Couple more deals in the works, still churning away behind the scene. News to come.

SFX Weekender

Ok, the deets for the SFX Weekender:

Friday I’ll be doing a half-hour reading and Q&A thing on the Slaughtered Lamb stage at 16.30. How much of that is reading and how much Q&A largely depends on how many people turn up. Come with questions! Many questions! Preferably multi-part ones of penetrating depth, but y’know, ‘what’s your favourite colour’ will do.

Saturday I’ll be on the Main Void Stage with China Mieville, Steve Feasey and William Horwood doing a panel on Writing For Young Adults. That’s at 11am.

Other than that, I’ll no doubt be drifting around somewhere…

Uncle Chris’s Writing Tips #3: What The Hell Is A Jazzlewozzy?

‘See there,’ said Rablaaaan the Octrazine. ‘A jazzlewozzy! It will make fine vittels, iffen we can catch it and stick it in a stew with some grated a’rair’thian’ttt’x!’

‘A jazzlewozzy?’ asked Bert.

‘See its long pointy ears, its elongated hind feet and round fluffy tail! See how it prances and snuffles!’

‘Are you talking about that rabbit?’

Rablaaaan looked bewildered. ‘A… rabbit?’ Then he laughed, so long and hard that several sentences after this paragraph ended he was found by a passing troll and got his head bitten off. ‘What kind of stoopid name is that for a jazzlewozzy?’

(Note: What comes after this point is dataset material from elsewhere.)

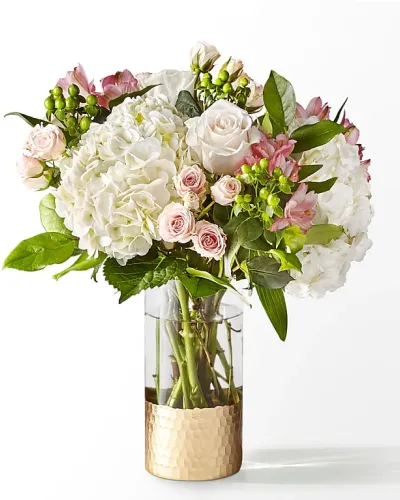 <p>Capturing the essence of a cool spring day, this delicate arrangement is the perfect statement of love, appreciation or admiration.</p>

Naming stuff in fantasy and SF is a minefield. I’m gonna use fantasy for my examples here, but the same things apply in SF. It’s the worldbuilder’s dilemma: what the hell do I call a rabbit?

So there you are, happily creating your fantasy world, and it occurs to you that your heroes might need something to put in their stew. Now, you think to yourself, you’re going for a proper fantasy world, none of this Tolkien-knockoff pseudo-medieval elves-dwarves-and-goblins stuff. It follows that if your whole world is full of strange and wonderful races and beings, then populating it with domestic Earth animals like cats and dogs, or having people ride about on horses, is a bit lame, really. Why not just come up with something new to replace all those little animals?

Writer, you just bought yourself a whole world of trouble.

One of the little-discussed aspects of the fantasy writer’s art is the balancing act between telling the reader what they need to know to enjoy your world, and drowning them in information. Much has been said about info-dumping (for those that don’t know, this is when one of the characters picks up a pot and the author pauses to explain the history, culture and favourite flavour of ice cream enjoyed by the native people who crafted it) but the reason it’s so pervasive is that it’s so incredibly hard to deal with.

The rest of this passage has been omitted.